Per Spicer Test: K&N #33-2155, ISO 5011: Coarse Dust= 96.8 %, Fine Dust 89.85% and those are final figures.

All filters show a difference between coarse and fine but more efficient filters narrow the gap.

Other Samples found quickly:

Per SWRI Tests: K&N #RE0870- ISO 5011 on Fine Dust- Initial= 93.23, Final= 96.13%

Per SWRI Tests AEM Dryflow 9-inch Uni- ISO 5011 on FIne Dust- 98.46 initial, 99.41 final

Anyway, if you want to argue for a product from the "how much junk can my engine ingest before it's harmed" standpoint, go right ahead. Especially in light of the fact that going a single percentage point, 98 percent efficiency filter to 99 percent, is a 50% decrease in the amount of contaminants ingested (that's a figure from a Parker engineer I interviewed).

As to engine wear, finding data in the light truck and car realm is indeed difficult. Many studies have been done on commercial/industrial equipment and the general consensus is that the cleaner the air, the cleaner the oil and the result is less wear. In some of the studies I have read, including some from GM and Cummins, it's stated that particles in the 1-10 micron range can be the most harmful to engines and are three times more likely to cause critical wear in piston rings and bearings than larger particles. The relative wear rates for 10-20 um particles, according to Cummins, is about 1.0 vs 3.5 dfor 5-10 um an and 0-5um at 3.3. One study that involved Montana mining equipment showed a 4x extension of engine life by keeping the oil at a cleaner level from ISO 22/17 vs 17/12 (oil whose primary contaminant was from the intake system).

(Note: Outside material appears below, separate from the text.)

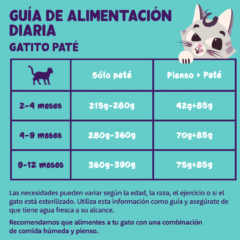 dosis diaria recomendada Paté Bacalao pollo kitten sin cereales Edgard Cooper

In any case, you aren't wrong stating that within the realm of a street vehicle operated in a clean "normal" environment, the loss of engine life going from a 99% filter to a 97% filter might not be noticeable in the overall scheme of car ownership. The forever aspects of a cleanable filter are attractive but there are comparably price dry alternatives, such as the AEM Dryflow that are 99%+ on fines that offer the same sort of lifetime use. Best of both worlds IMO.
 
Again Jim, very good points. I am not sure if my figures stem from fine or coarse dust ISO 5011 testing as K&N sites both as being used, but i accept your premise. I have read the Cummings and GM reports as well as many others. The plethora of tests, reports, opinions are why i have always used my UOA as a guide. I am not a K&N lemming, i have even contemplated using a Napa Gold or Purolator recently and may still do so. But it isnt because i find K&N to be a poorly constructed or performing product. Its because i KNOW the Napa will filter better and the replacements are clean whereas no matter how well i clean a K&N, something could have been missed, and i am aproaching that cleaning stage. As for AFE, Cosworth, HKS, etc., If i ditch the K&N, it will be for the Napa, or equivalent (which i will run for 15k miles).
 
Ok Jim, your wisdom and opinion along wih lots of reading and research have swayed me. I have reversed my school of thought with regard to performance filters. Although the subject is highly polarizing, and many users (including myself in past applications) site many years of usage without any KNOWN engine wear, there is no disputing one simple fact. No K&N is as efficient a FILTER as a quality paper element like PureOne, Wix, Napa Gold etc. Now, how much wear from the extra Si (silicon or fine dust as seen in a used oil analysis) entering your engine is enough to cross the threshold of significant damage? Too many variables to be sure and quite possibly a lot more than the K&N allows in. But I now want an optimum filter to keep my engine as clean as possible without having that 'what if' thought as I drive past that very dusty road construction site on a daily basis. No tangible HP increase is worth my peace of mind anymore.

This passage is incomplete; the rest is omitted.